Right now, with people semi-seriously discussing his attractiveness, they sound a bit jealous. To some, he’s a case study in the so-called “halo effect,” in that women are drawn to his looks despite any other red flags. “Women thought he was handsome, normal looking, and thought nothing of getting into his car,” one incel remarked. Another was critical of Bundy’s appearance but theorized that it was good enough to earn trust. “I think that this is more proof that you can ascend as long as you have a decent normie face and a good height,” he wrote. “Even if you spell it out for them, they will still go for Chad,” a third man commented — referring bitterly to the incels’ archetype of a desirable alpha male.

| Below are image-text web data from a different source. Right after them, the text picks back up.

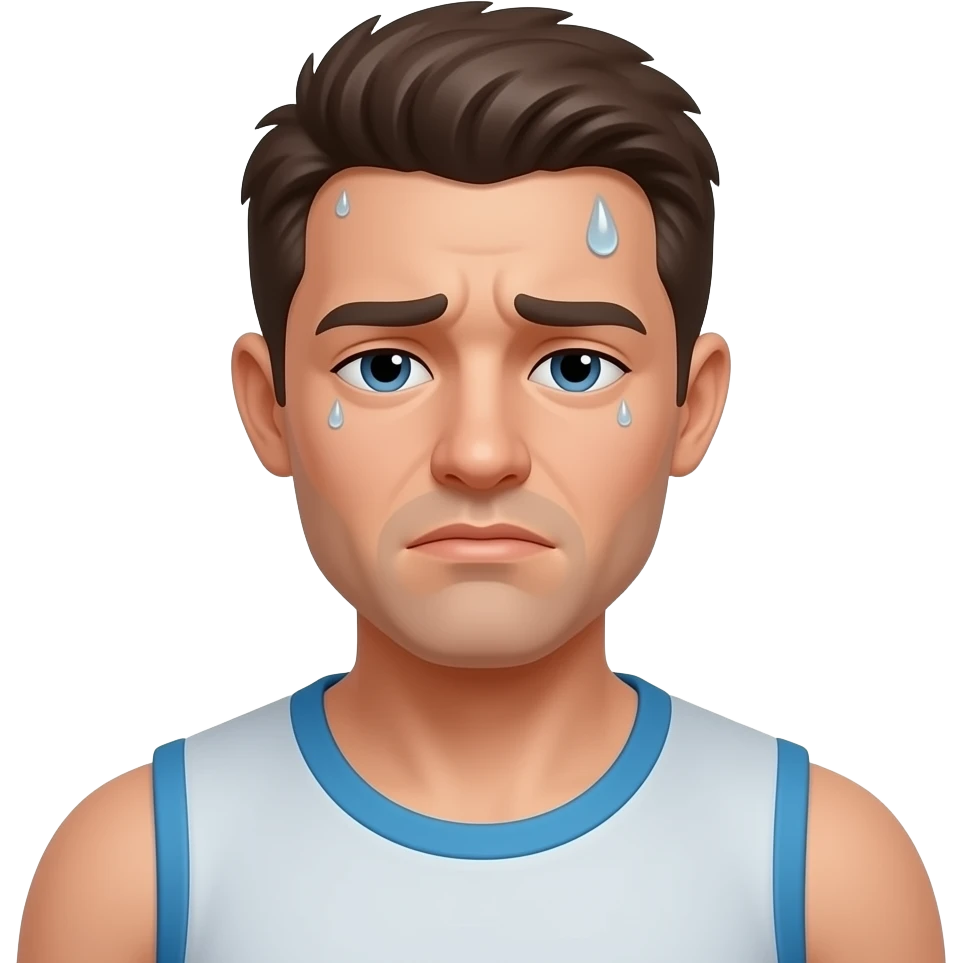 make this person exhausted after running emoji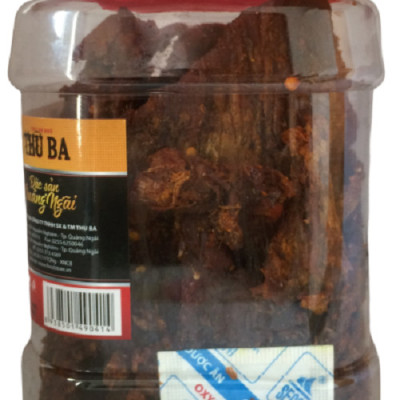 Bò Khô Thu Ba 500g hũ loại miếng, món ngon ăn vặt, uống bia, bổ sung năng lượng, dinh dưỡng
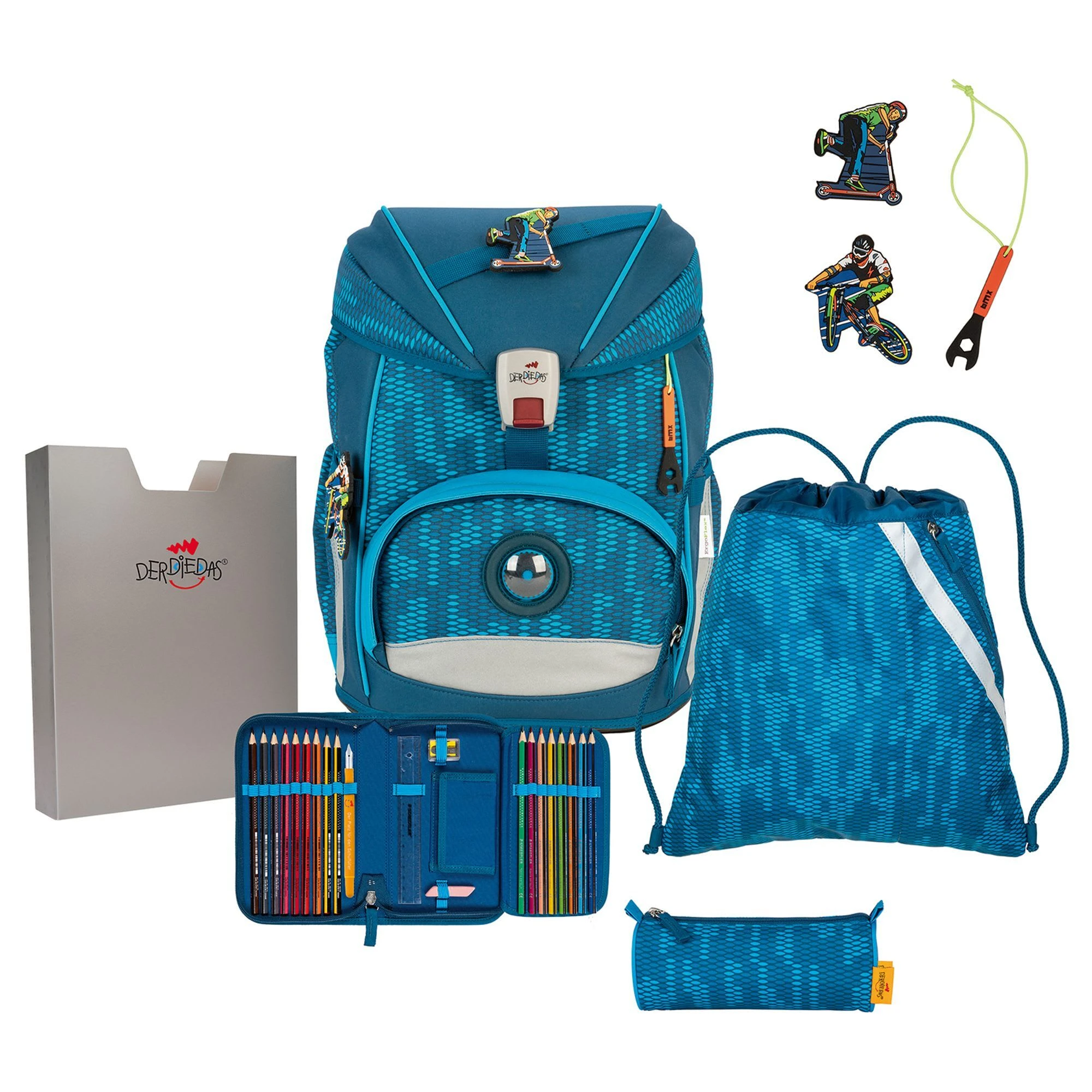 DerDieDas Ergoflex Superlight Schulranzen-Set 5tlg. In Trendsport 1 DerDieDas Ergoflex Superlight Schulranzen-Set 5tlg. In Trendsport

Oddly enough, the incels may buy too much into the popular media narratives of the Bundy saga — that it was his handsomeness, charisma and intelligence, a suite of alpha-guy qualities, that allowed him to kill at least 30 women before he was caught. The truth is Bundy’s societal privilege helped a lot more, and our concept of him as an embodiment of superhuman evil is just a myth. Bundy had nothing that plenty of self-described incels don’t. Moreover, his preferred method of abduction involved a put-on weakness that would place him in the incels’ “beta male” category: He’d wear a cast or walk with crutches, faking disability so as to seem like less of a threat.
All the same, the incels have managed to envy Bundy’s ability to get close to women and the attention he received from them once incarcerated — as if either exemplifies the kind of human connection they claim to want. Likewise, they take the recent horny tweets as literally as possible, when most are simply transgressive jokes. Bundy is long dead, anyway, and, even given the opportunity, very few people who know what he did would want to be alone with him. As with quite a few incel fixations, they’re choosing to get mad over something purely theoretical that has no bearing on their life whatsoever. They also like having “evidence” that women are irrational and unreliable judges of character, and tacitly blaming Bundy’s victims for their grisly fate is a reflexive gesture.
What’s even scarier is the guys who don’t moan about how good Ted had it, choosing instead to praise him as a hero. This is the logical extreme of the incel mindset — the extreme and violent misogyny that spurred Elliot Rodger’s murder spree in 2014 and last year’s deadly Toronto van attack, allegedly carried out by Alek Minassian. At this ideological stage, men have given up entirely on securing a sexual relationship for themselves and declared all women to be enemy combatants. “Imagine what we could accomplish if we had an army of Ted Bundys,” one incel has written. “All of womankind on the North American content would have been exterminated in a short period of time.”
Which goes to show, perhaps, that certain incels are happy to embrace a Chad, so long as he’s carrying out their agenda. A man who kidnaps, rapes, murders and dismembers women can be viewed as something higher than an oblivious alpha — he is an evolutionary corrective to a world in which women have attained a measure of agency and independence.
Let’s hope nobody on the edge takes inspiration from his story.